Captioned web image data
· · · · · · ·

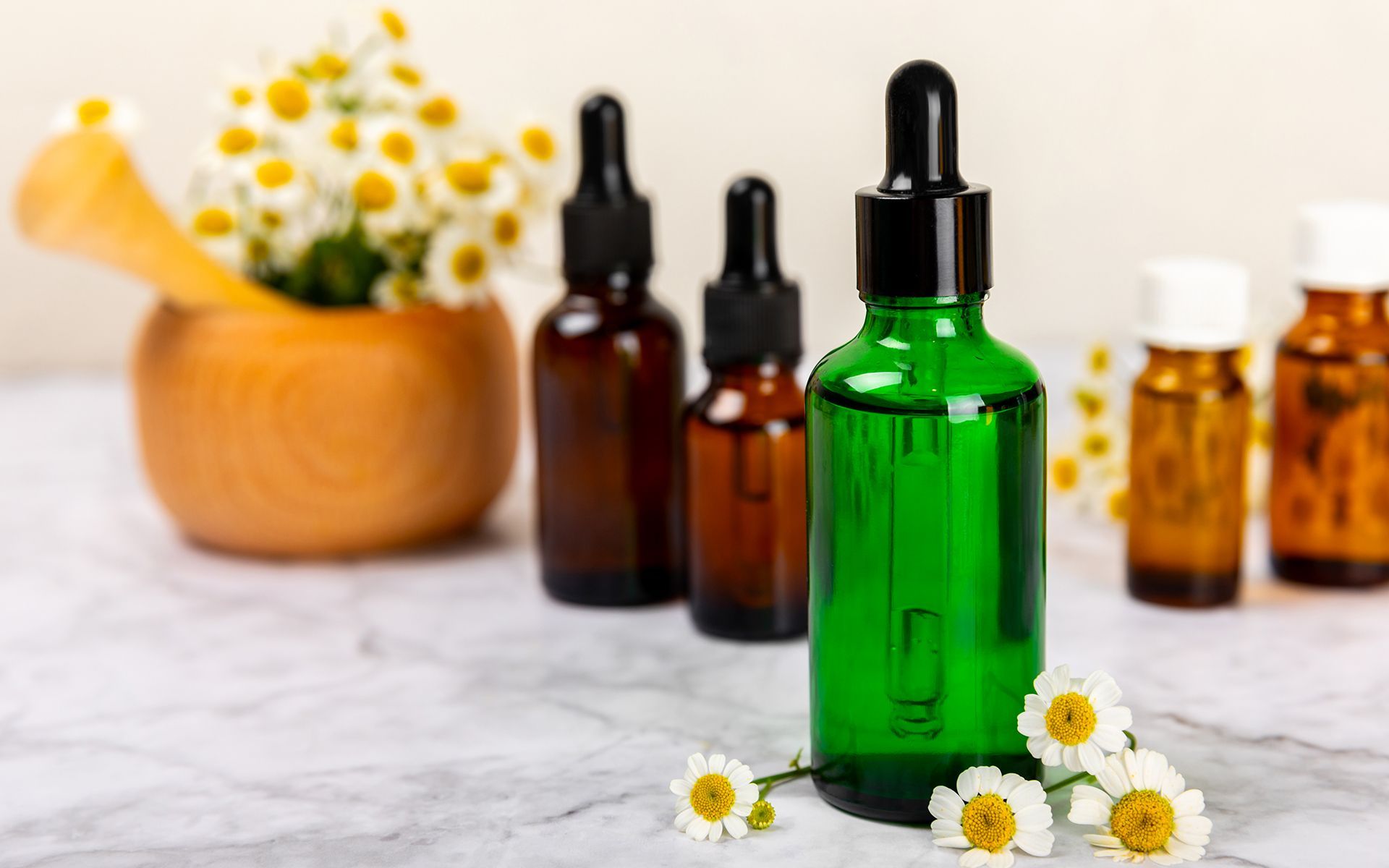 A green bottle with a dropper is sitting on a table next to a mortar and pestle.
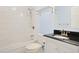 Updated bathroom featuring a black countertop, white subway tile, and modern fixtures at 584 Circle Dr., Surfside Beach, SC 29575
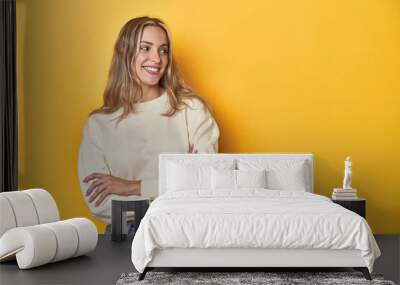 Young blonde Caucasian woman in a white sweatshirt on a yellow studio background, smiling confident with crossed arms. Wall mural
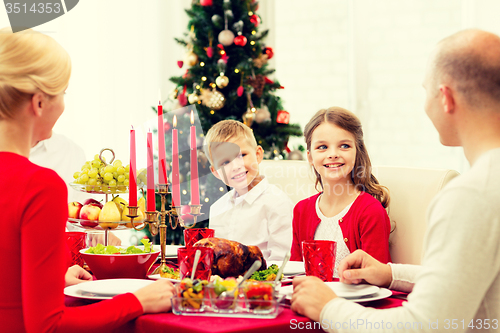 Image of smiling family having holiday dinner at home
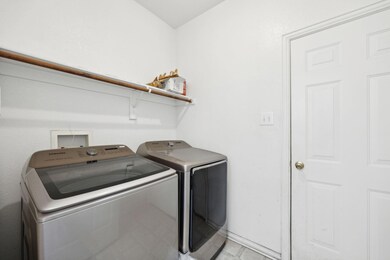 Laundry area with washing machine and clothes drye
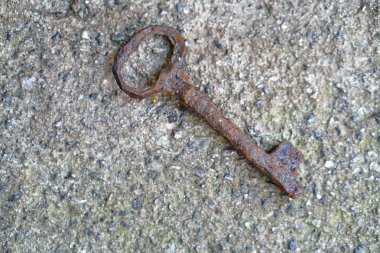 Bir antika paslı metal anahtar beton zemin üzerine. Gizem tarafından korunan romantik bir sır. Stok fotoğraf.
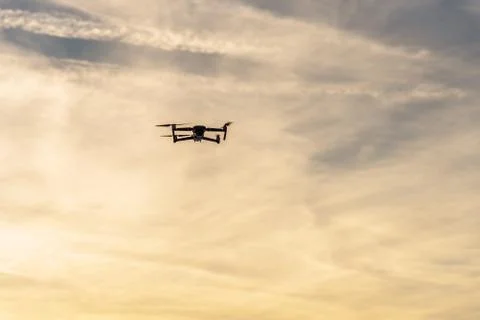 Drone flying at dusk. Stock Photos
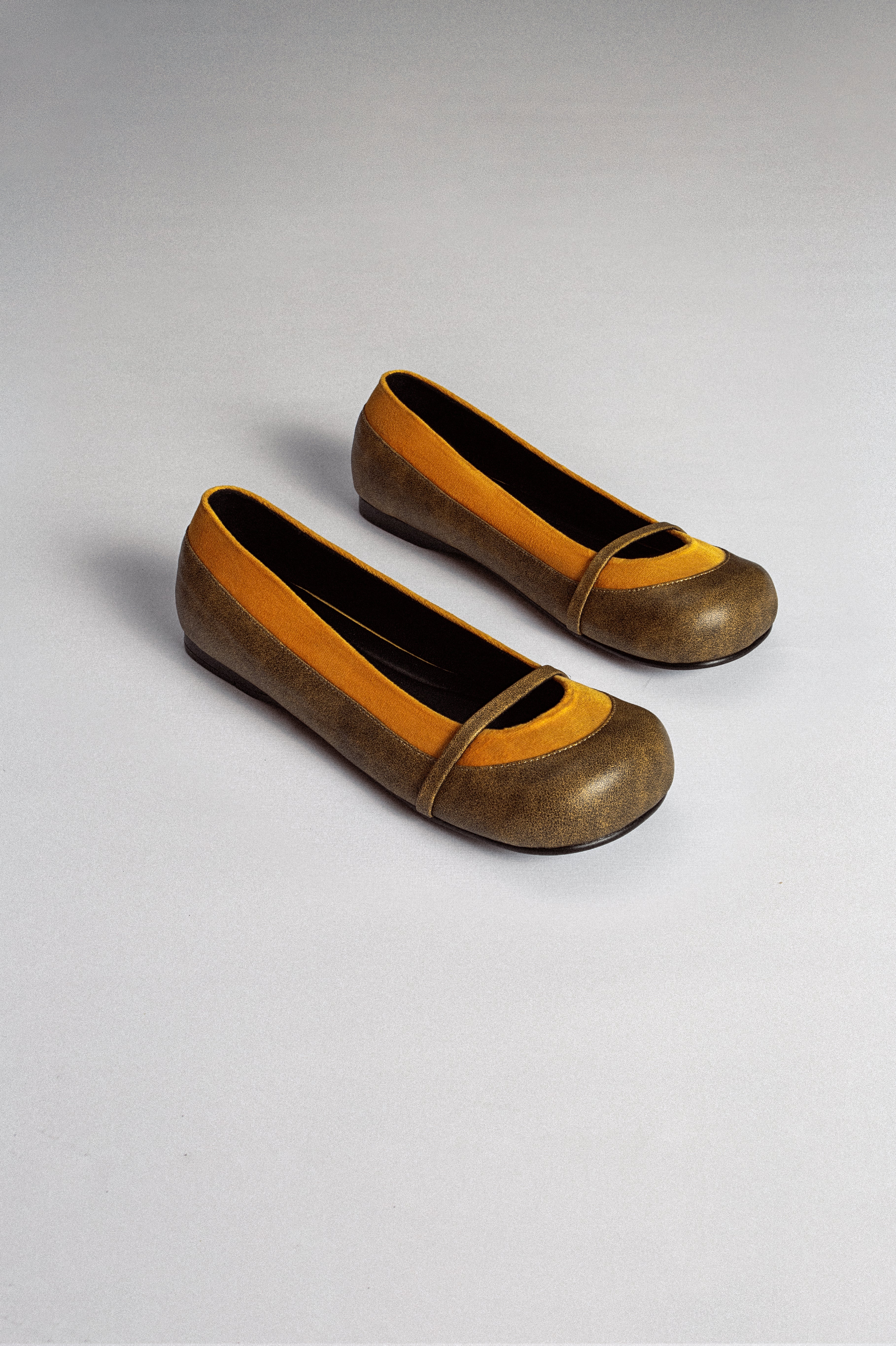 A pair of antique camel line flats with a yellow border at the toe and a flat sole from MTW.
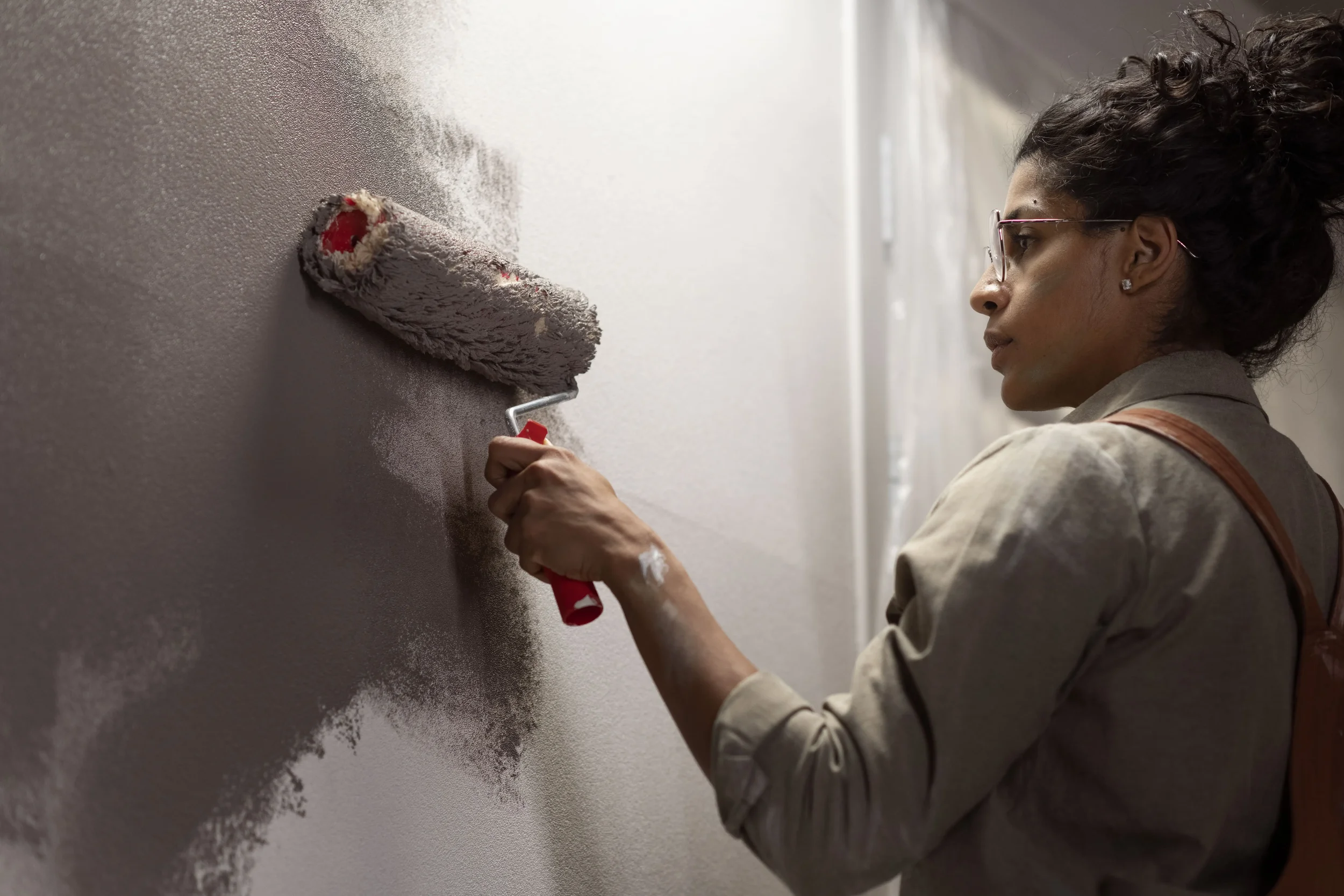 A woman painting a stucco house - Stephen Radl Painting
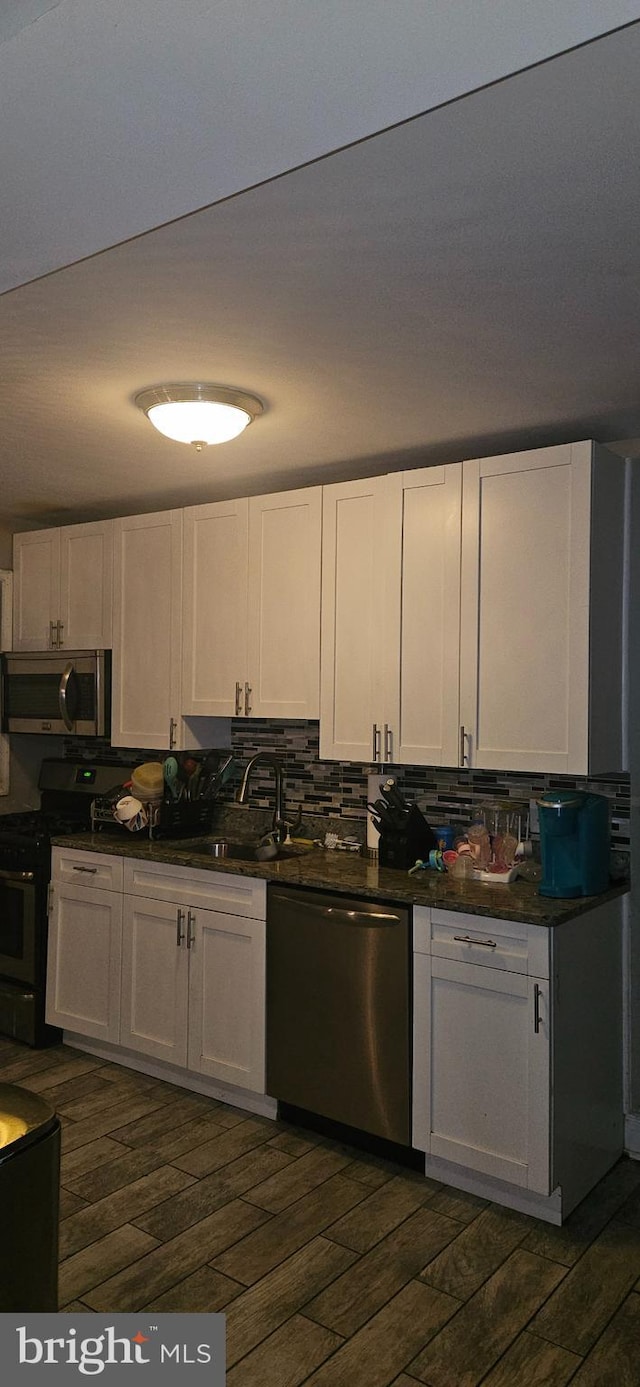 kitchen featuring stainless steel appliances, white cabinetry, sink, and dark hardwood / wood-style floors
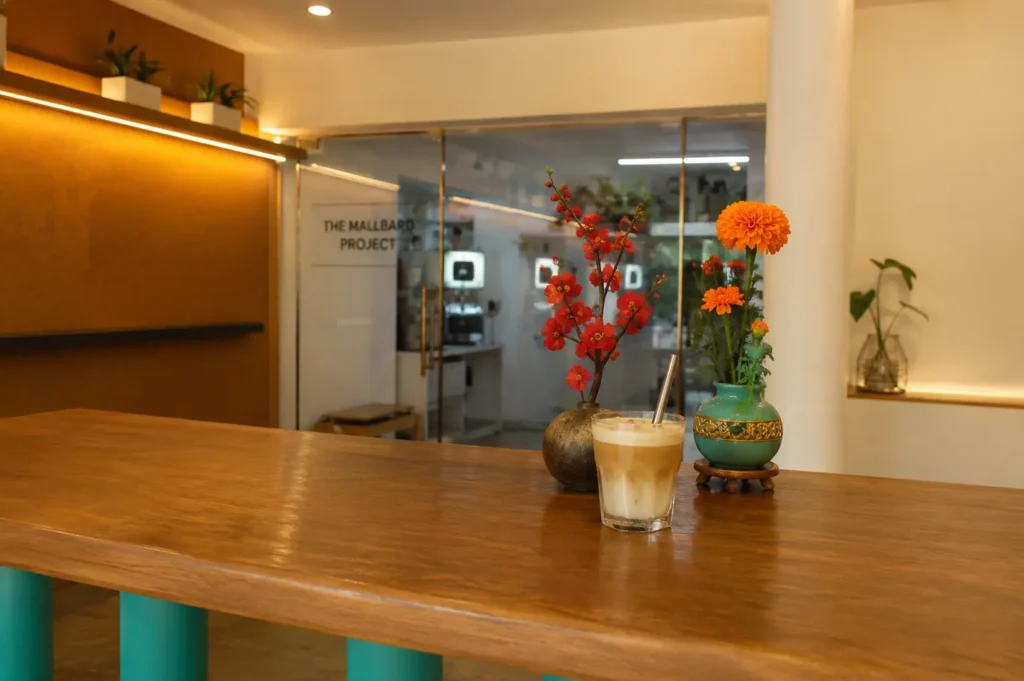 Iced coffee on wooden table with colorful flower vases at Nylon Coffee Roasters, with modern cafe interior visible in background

· · · · · · ·

> **Action item**: When you return the records, keep every word unchanged and drop the pictures.

> **Problem solution**:
 A green bottle with a dropper is sitting on a table next to a mortar and pestle.
 Updated bathroom featuring a black countertop, white subway tile, and modern fixtures at 584 Circle Dr., Surfside Beach, SC 29575
 Young blonde Caucasian woman in a white sweatshirt on a yellow studio background, smiling confident with crossed arms. Wall mural
 Image of smiling family having holiday dinner at home
 Laundry area with washing machine and clothes drye
 Bir antika paslı metal anahtar beton zemin üzerine. Gizem tarafından korunan romantik bir sır. Stok fotoğraf.
 Drone flying at dusk. Stock Photos
 A pair of antique camel line flats with a yellow border at the toe and a flat sole from MTW.
 A woman painting a stucco house - Stephen Radl Painting
 kitchen featuring stainless steel appliances, white cabinetry, sink, and dark hardwood / wood-style floors
 Iced coffee on wooden table with colorful flower vases at Nylon Coffee Roasters, with modern cafe interior visible in background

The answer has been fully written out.